Please write out the lines of the data exactly, beginning with the first and ending with the line containing "The tree's branches"; leave the pictures behind.

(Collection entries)
◆ ◆ ◆
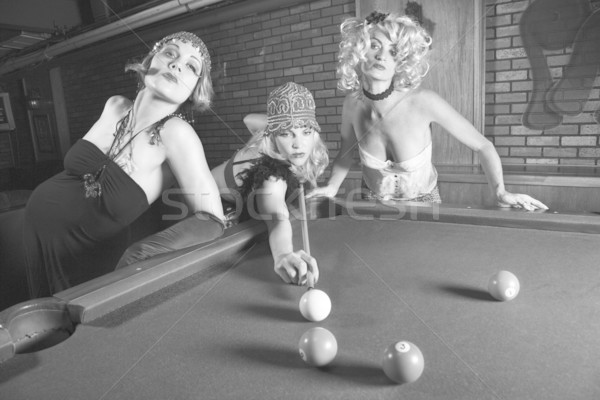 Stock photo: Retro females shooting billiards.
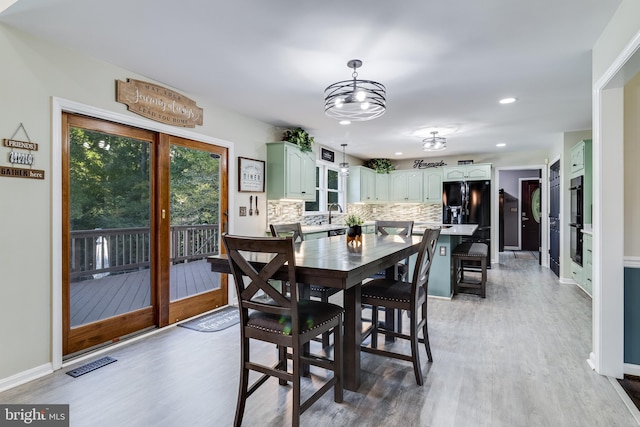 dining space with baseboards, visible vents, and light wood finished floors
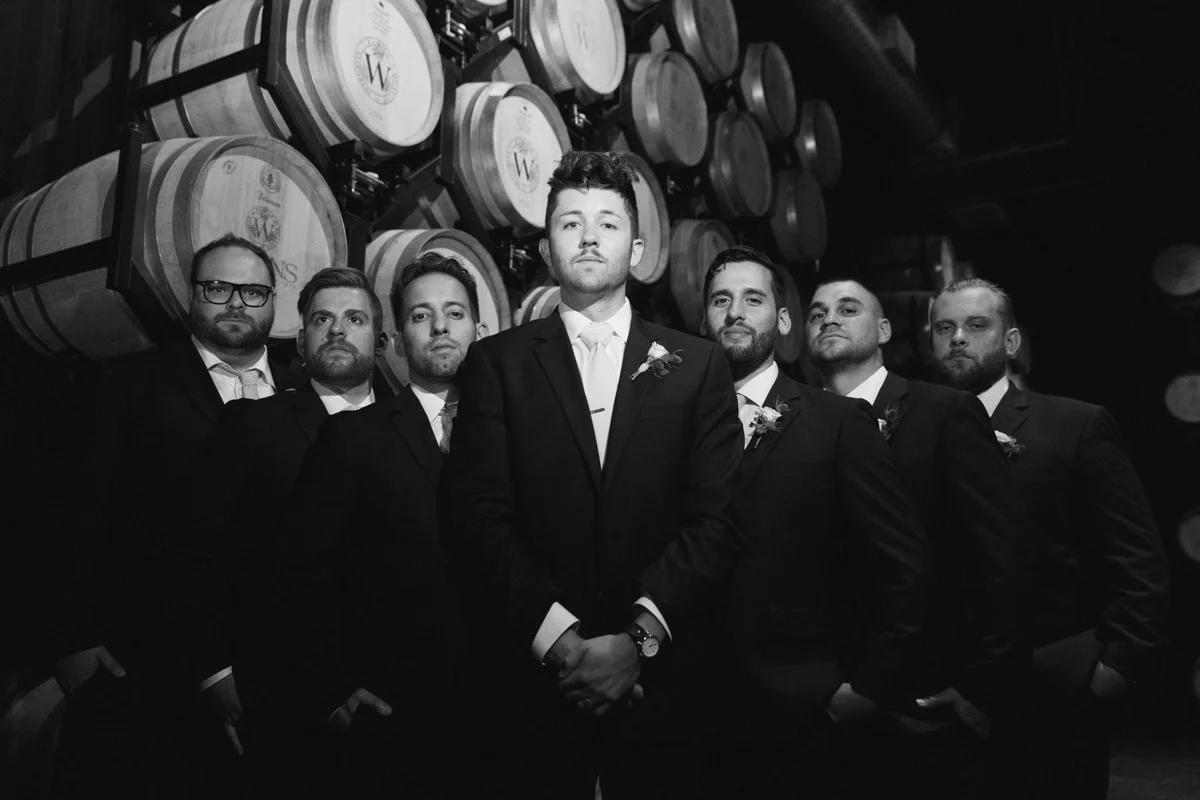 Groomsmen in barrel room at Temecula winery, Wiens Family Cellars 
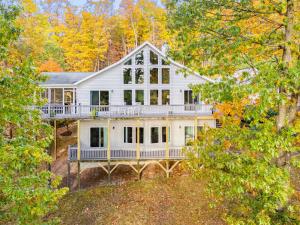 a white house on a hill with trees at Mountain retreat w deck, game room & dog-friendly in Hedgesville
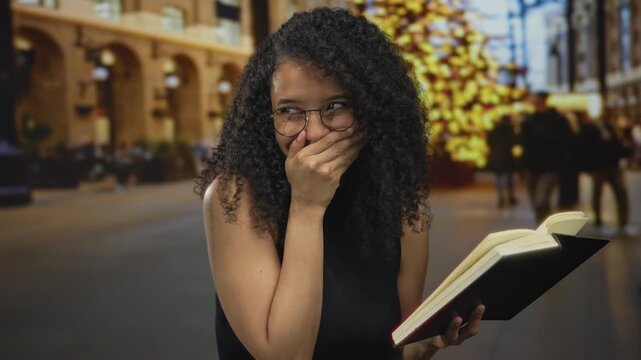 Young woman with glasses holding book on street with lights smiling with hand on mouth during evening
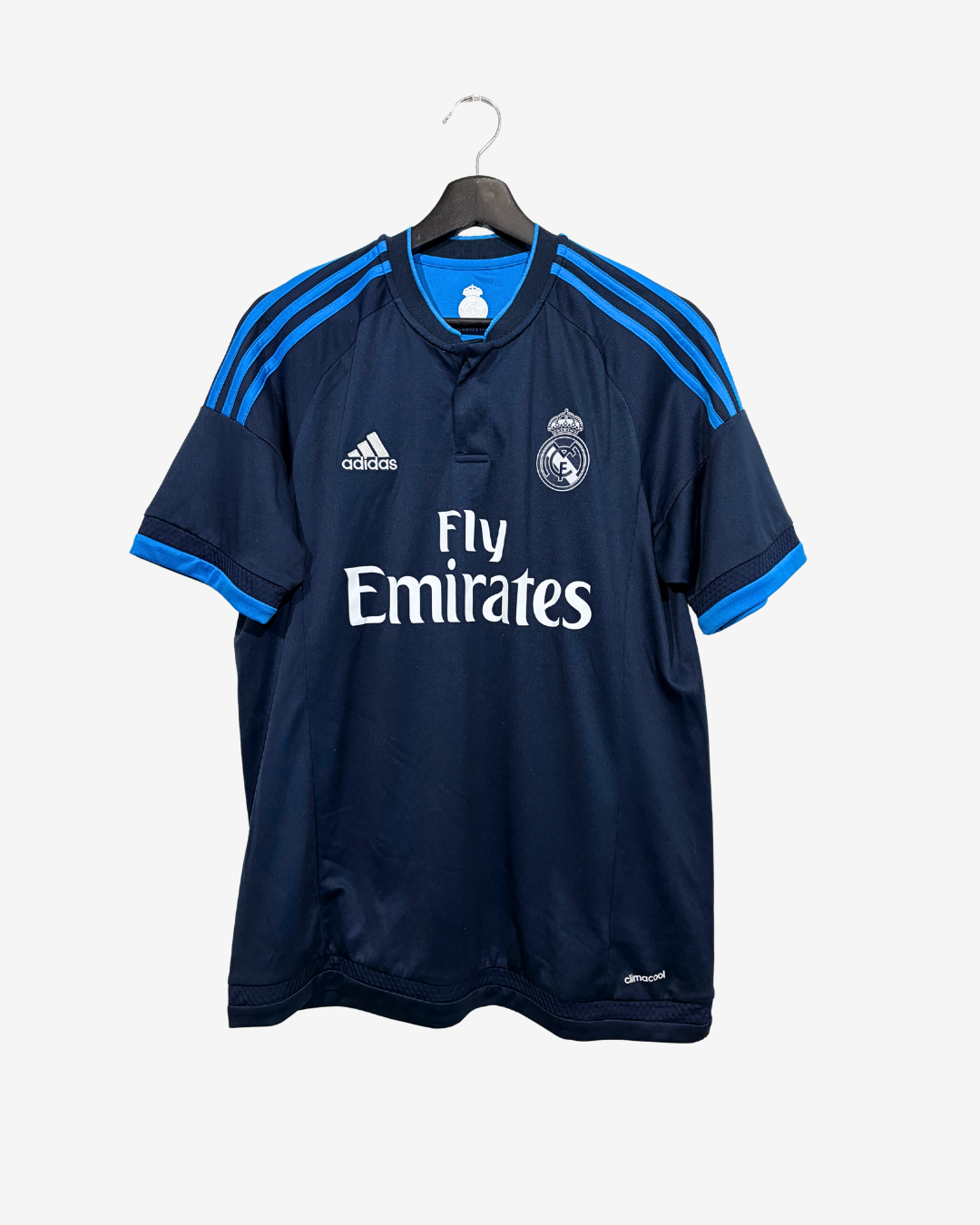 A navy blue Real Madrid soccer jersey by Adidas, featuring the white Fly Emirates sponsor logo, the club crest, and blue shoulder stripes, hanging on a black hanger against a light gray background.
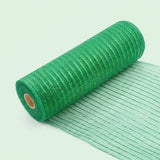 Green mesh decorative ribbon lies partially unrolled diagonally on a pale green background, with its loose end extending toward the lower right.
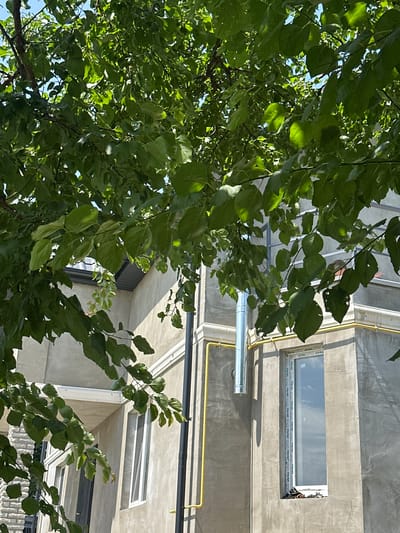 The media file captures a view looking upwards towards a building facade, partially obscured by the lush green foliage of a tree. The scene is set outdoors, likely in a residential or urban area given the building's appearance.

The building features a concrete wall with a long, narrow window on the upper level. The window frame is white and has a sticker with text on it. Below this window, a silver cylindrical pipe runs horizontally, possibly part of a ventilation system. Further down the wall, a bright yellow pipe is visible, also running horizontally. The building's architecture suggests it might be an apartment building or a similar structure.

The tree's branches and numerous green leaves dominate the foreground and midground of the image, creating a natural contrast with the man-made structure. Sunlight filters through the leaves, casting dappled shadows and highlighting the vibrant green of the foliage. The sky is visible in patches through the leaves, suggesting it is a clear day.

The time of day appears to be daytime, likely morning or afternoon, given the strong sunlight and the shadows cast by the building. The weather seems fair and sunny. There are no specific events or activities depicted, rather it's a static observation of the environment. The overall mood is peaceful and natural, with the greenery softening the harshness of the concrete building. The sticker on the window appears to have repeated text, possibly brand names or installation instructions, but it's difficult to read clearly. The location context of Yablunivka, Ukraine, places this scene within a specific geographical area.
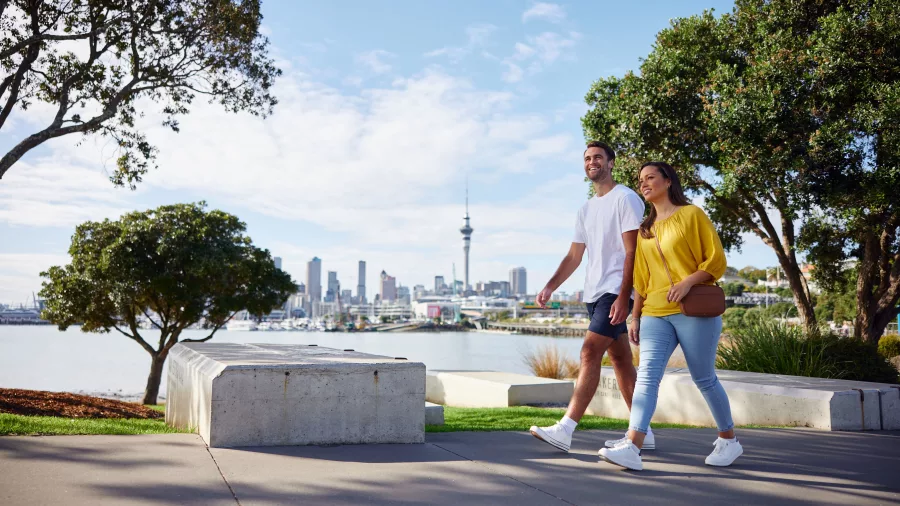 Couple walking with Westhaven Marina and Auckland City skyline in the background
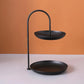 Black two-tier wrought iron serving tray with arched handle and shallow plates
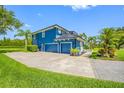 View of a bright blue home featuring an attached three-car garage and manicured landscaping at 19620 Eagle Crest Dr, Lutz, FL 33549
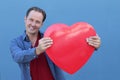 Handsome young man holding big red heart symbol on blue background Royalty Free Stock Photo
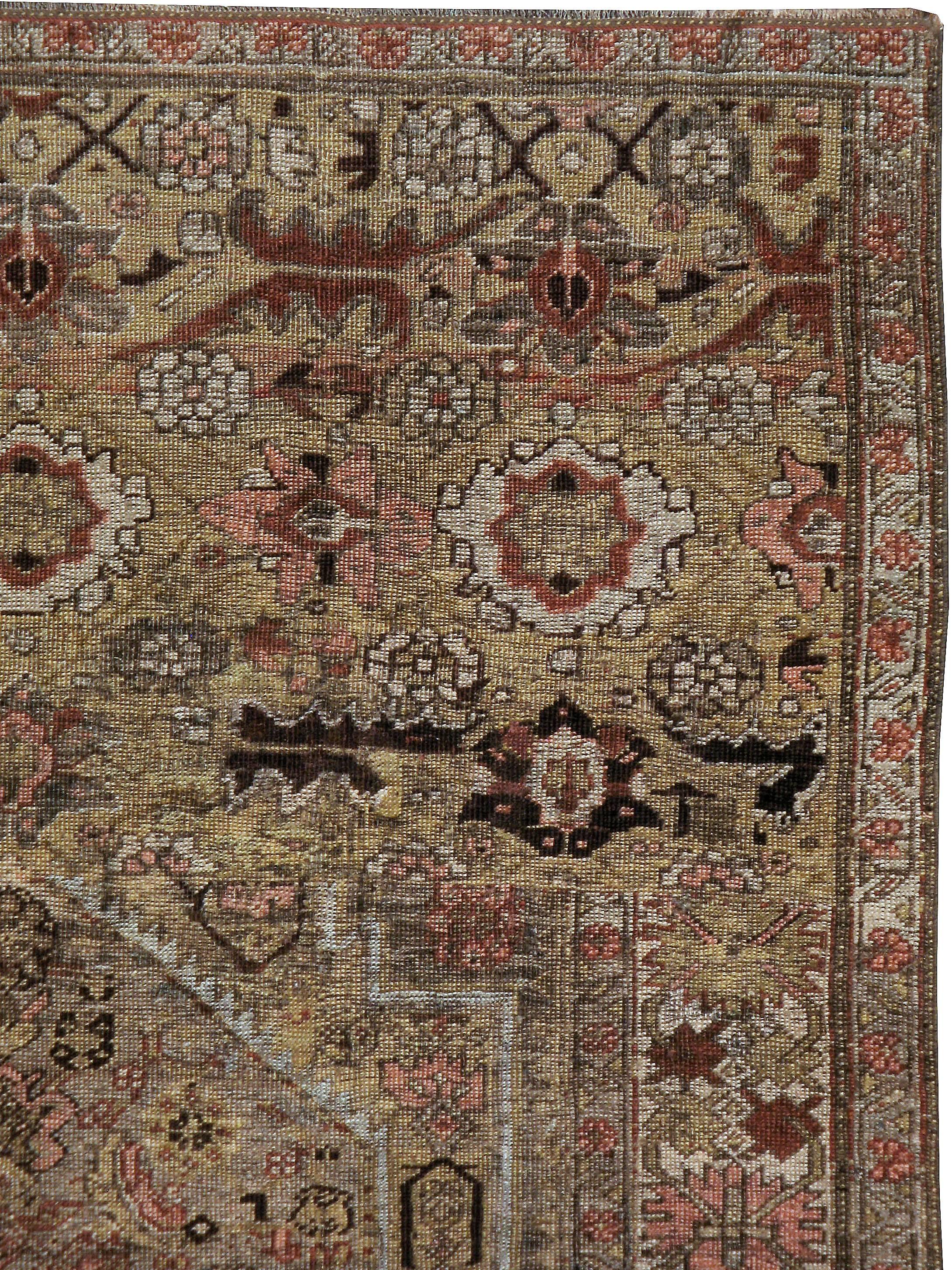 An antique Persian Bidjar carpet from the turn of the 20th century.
◆ ◆ ◆
» **Answer to this exercise**
 Stock photo: Retro females shooting billiards.
 dining space with baseboards, visible vents, and light wood finished floors
 Groomsmen in barrel room at Temecula winery, Wiens Family Cellars 
 a white house on a hill with trees at Mountain retreat w deck, game room & dog-friendly in Hedgesville
 Young woman with glasses holding book on street with lights smiling with hand on mouth during evening
 A navy blue Real Madrid soccer jersey by Adidas, featuring the white Fly Emirates sponsor logo, the club crest, and blue shoulder stripes, hanging on a black hanger against a light gray background.
 Green mesh decorative ribbon lies partially unrolled diagonally on a pale green background, with its loose end extending toward the lower right.
 The media file captures a view looking upwards towards a building facade, partially obscured by the lush green foliage of a tree. The scene is set outdoors, likely in a residential or urban area given the building's appearance.

The building features a concrete wall with a long, narrow window on the upper level. The window frame is white and has a sticker with text on it. Below this window, a silver cylindrical pipe runs horizontally, possibly part of a ventilation system. Further down the wall, a bright yellow pipe is visible, also running horizontally. The building's architecture suggests it might be an apartment building or a similar structure.

The tree's branches and numerous green leaves dominate the foreground and midground of the image, creating a natural contrast with the man-made structure. Sunlight filters through the leaves, casting dappled shadows and highlighting the vibrant green of the foliage. The sky is visible in patches through the leaves, suggesting it is a clear day.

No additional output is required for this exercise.